Indicating the user end u in the time slot t _i Offloading tasks to MEC server b _j Is used for the transmission energy consumption of the (a); t represents the total number of time slots; e (E) _i Representing user end u _i An upper transmission energy consumption limit of (2); />

Representing MEC server b _j At the time ofThe gap t is allocated to the user terminal u _i Task Q of (2) _i Is a ratio of the calculated resources.

4. The satellite elastic internet resource scheduling method of claim 3, wherein the step of converting the minimized delay optimization model into a corresponding markov decision model comprises:

representing an unloading strategy of a user side;

a(t)＝κ(t)

where r (t) represents the Agent action rewards for time slot t.

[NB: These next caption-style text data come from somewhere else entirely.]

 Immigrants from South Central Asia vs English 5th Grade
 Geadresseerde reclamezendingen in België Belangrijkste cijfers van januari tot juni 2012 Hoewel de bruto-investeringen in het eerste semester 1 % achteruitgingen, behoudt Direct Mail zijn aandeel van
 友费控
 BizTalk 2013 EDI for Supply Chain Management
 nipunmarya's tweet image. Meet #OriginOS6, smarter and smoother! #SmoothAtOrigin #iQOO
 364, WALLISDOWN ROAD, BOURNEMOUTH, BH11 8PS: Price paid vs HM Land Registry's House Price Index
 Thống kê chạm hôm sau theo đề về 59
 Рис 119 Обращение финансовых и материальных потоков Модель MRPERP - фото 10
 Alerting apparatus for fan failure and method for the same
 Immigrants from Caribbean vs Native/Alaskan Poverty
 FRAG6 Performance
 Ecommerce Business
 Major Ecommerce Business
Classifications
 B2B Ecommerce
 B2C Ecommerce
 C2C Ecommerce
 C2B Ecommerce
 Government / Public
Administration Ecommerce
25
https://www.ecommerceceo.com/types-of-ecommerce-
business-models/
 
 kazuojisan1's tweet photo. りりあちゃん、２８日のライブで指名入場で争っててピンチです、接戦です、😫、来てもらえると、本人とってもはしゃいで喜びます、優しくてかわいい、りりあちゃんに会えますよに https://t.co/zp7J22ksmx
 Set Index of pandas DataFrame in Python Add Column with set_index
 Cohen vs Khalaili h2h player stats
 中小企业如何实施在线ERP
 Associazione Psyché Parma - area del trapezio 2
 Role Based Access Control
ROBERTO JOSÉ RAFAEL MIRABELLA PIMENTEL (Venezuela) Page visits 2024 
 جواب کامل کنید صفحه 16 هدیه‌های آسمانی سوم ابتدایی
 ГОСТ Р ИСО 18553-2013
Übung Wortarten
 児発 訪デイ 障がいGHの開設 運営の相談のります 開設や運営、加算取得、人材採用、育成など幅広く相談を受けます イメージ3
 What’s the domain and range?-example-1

5. The method for scheduling satellite elastic internet resources according to claim 1, wherein the step of solving a markov decision model to obtain a resource scheduling policy comprises:

6. A satellite-resilient internet resource scheduling system, the system comprising:

the first modeling module is used for establishing a satellite elastic Internet resource scheduling model according to the time delay sensitive satellite elastic Internet architecture; the satellite elastic Internet resource scheduling model comprises a communication model, a task model and a calculation model; the computing model comprises a local off-load task computing model and an MEC off-load task computing model;

the strategy solving module is used for solving the Markov decision model to obtain a resource scheduling strategy;

the establishing a satellite elastic internet resource scheduling model according to the time delay sensitive satellite elastic internet architecture comprises the following steps:

in the formula ,

wherein ,

and />

Respectively representing a user side set and an MEC server set; />

Q _i (t)＝{ω _i (t),z _i (t),pri _i (t)}

wherein ,Q_i (t) represents the user terminal u in the time slot t _i A generated task; omega _i (t) represents task Q _i (t) the amount of calculation required; z _i (t) represents task Q _i The data size of (t); pri (pri) _i (t) represents the task Q _i (t) priority, and pri _i (t)∈[1,2,…,PN]PN represents the number of priorities;

wherein ,

and />

the MEC off-load task calculation model is expressed as:

wherein ,

Representing MEC server b _j Is a CPU frequency of (2); />

7. A computer device comprising a memory, a processor and a computer program stored on the memory and executable on the processor, characterized in that the processor implements the steps of the method of any of claims 1 to 5 when the computer program is executed.

8. A computer readable storage medium, on which a computer program is stored, characterized in that the computer program, when being executed by a processor, implements the steps of the method of any of claims 1 to 5.